# Sehr leise 120mm Lüfter, rote LED



## windowsfan (15. März 2012)

*Sehr leise 120mm Lüfter, rote LED*

Hallo, 

ich suche nach sehr leisen 120mm Lüftern mit 3-PIN Anschluss. Wichtig wäre auch das die Kabel nicht allzu kurz sind.

Ein kleines extra wäre noch rote LED Belüftung, aber nicht unbedingt ein muss. (Da ist mir der Geräuschpegel wichtiger!)

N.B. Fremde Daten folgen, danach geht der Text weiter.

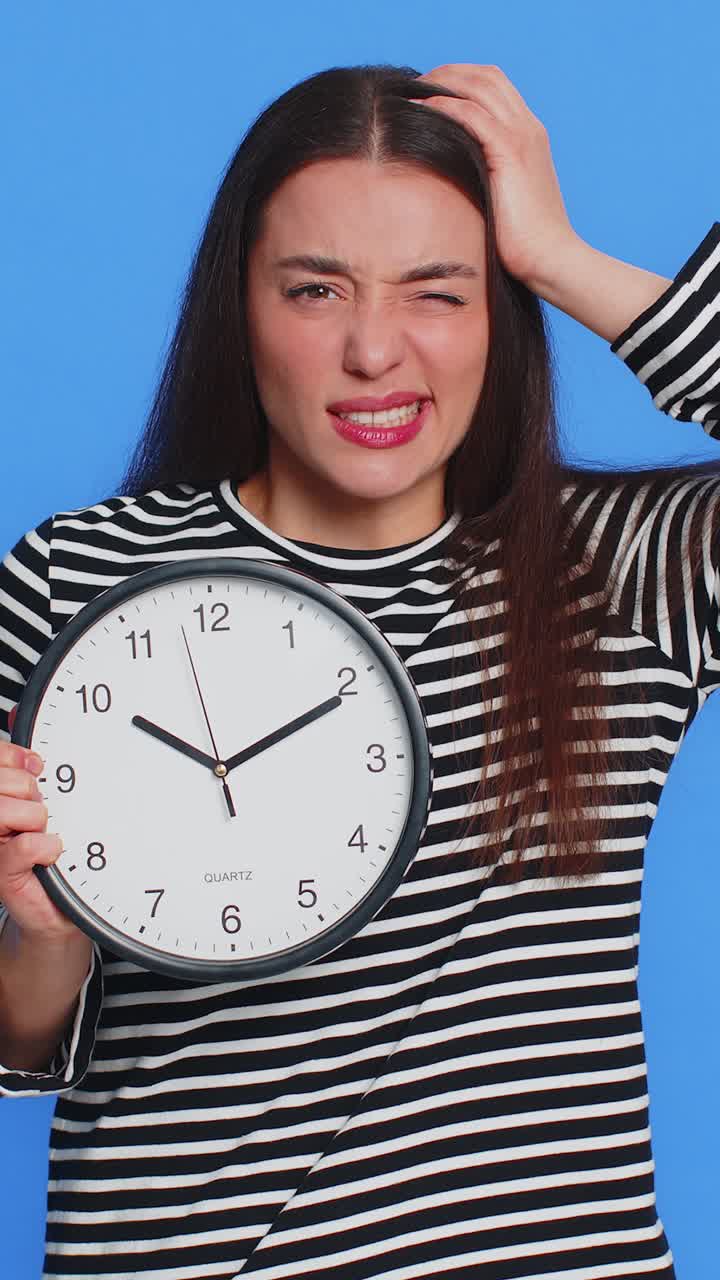 Donna caucasica in ansia che controlla l'ora sull'orologio, in ritardo per il lavoro a causa di una scadenza imminente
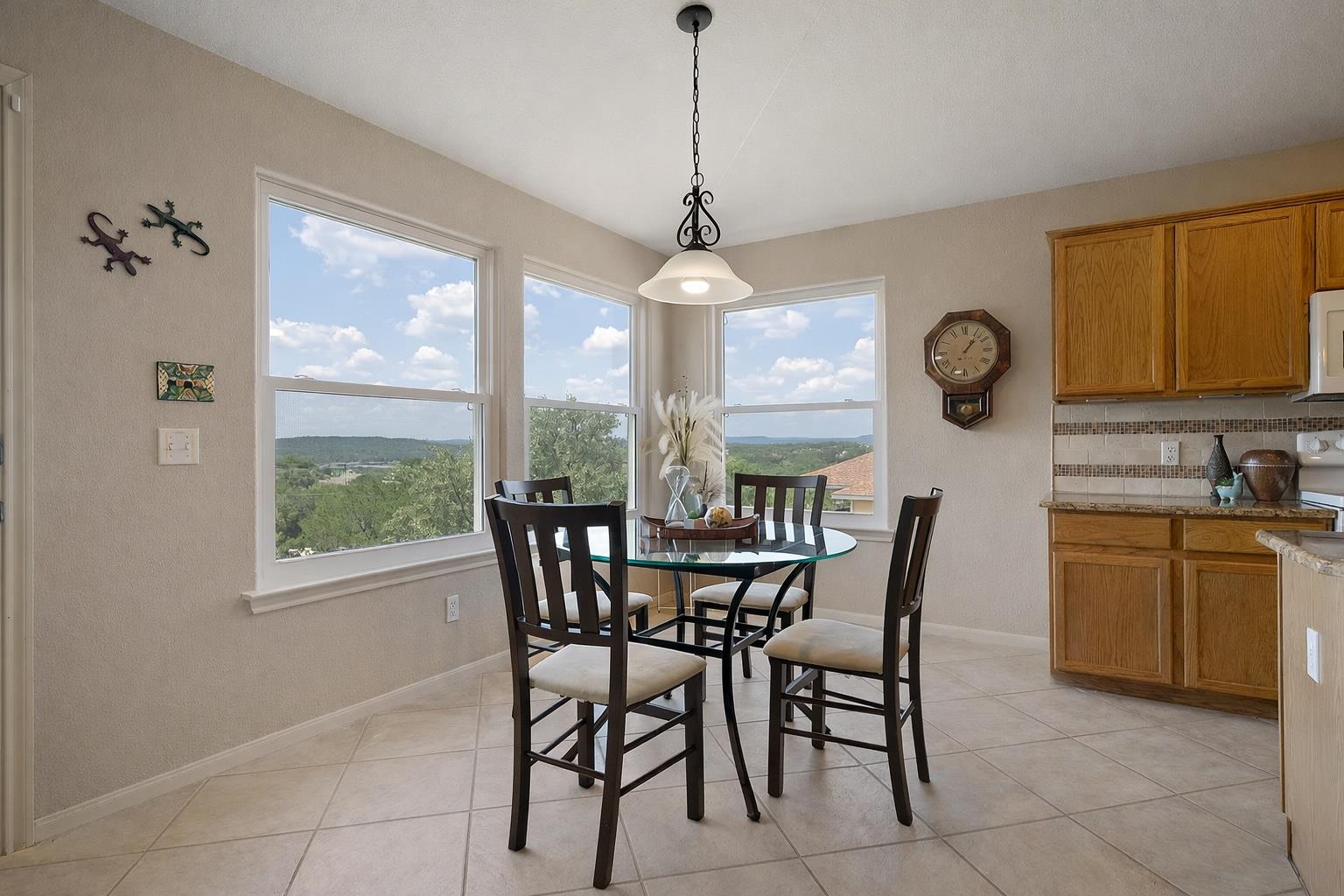 3702 Rock Terrace Dr, Lago Vista, TX 78645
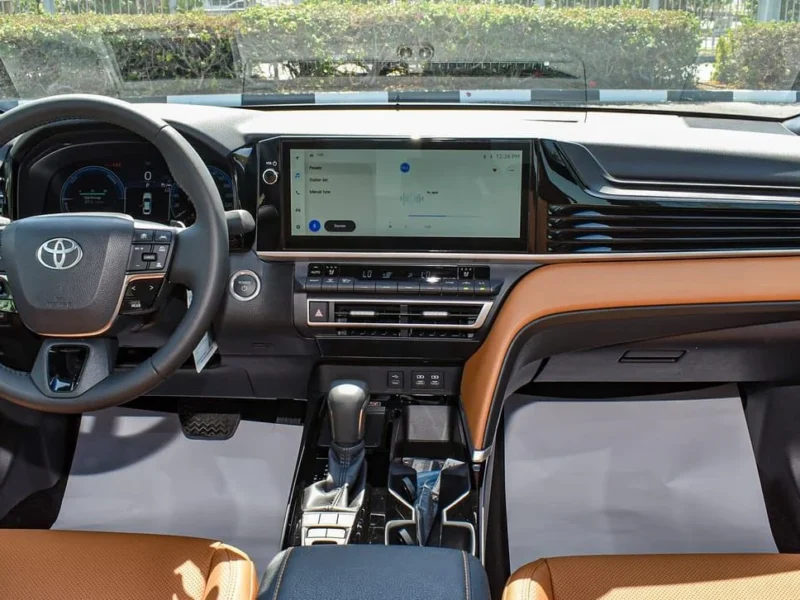 2025 Toyota Camry Lumiere 2.5 Litres 4 Cylinders Engine HEV Grey Tan Sedan GCC Specs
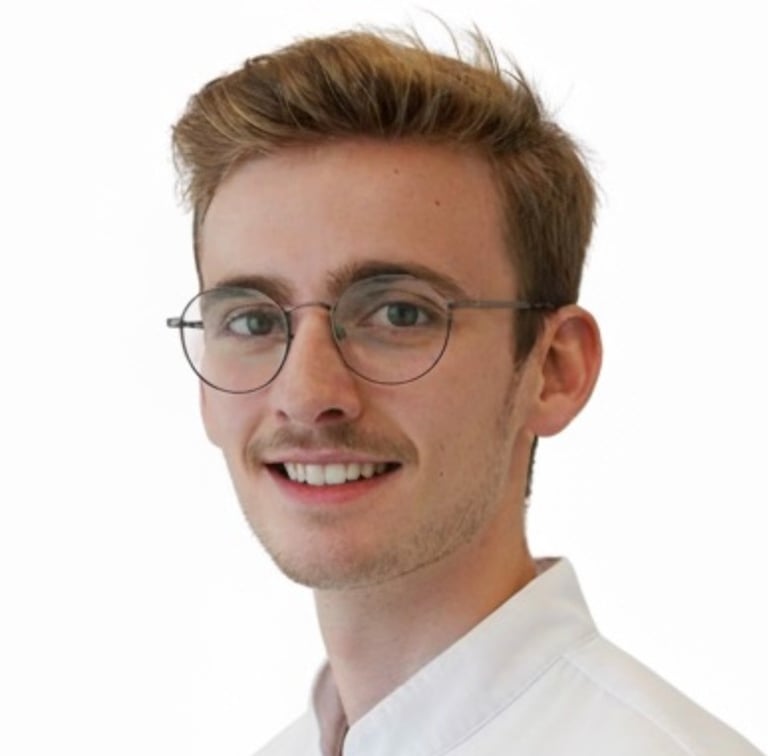 Romain Petit, ostéopathe stagiaire CRS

Könnt ihr mir da gute Modelle empfehlen?

Gruß


----------



## Softy (15. März 2012)

*AW: Sehr leise 120mm Lüfter, rote LED*

Superleise wären diese hier: Noiseblocker NB-Multiframe M12-S1, 120x120x25mm, 750rpm, 58m³/h, 8dB(A) | Geizhals.at Deutschland

Hier ein Review dazu: http://extreme.pcgameshardware.de/a...er-multiframe-leiser-als-eine-vogelfeder.html

Leise, aber nicht unhörbar, dafür mit LED's: Enermax T.B.Apollish rot 120x120x25mm, 900rpm, 63.78m³/h, 17dB(A) (UCTA12N-R) | Geizhals.at Deutschland


----------



## windowsfan (15. März 2012)

*AW: Sehr leise 120mm Lüfter, rote LED*

Noiseblocker sehen sehr gut aus  Muss nur schauen ob die in mein Budget passen


----------



## Uter (16. März 2012)

*AW: Sehr leise 120mm Lüfter, rote LED*

Als günstige Alternative zu den Multis kannst du auch die Black SilentPro nehmen, der Unterschied ist v.a. der Rahmen.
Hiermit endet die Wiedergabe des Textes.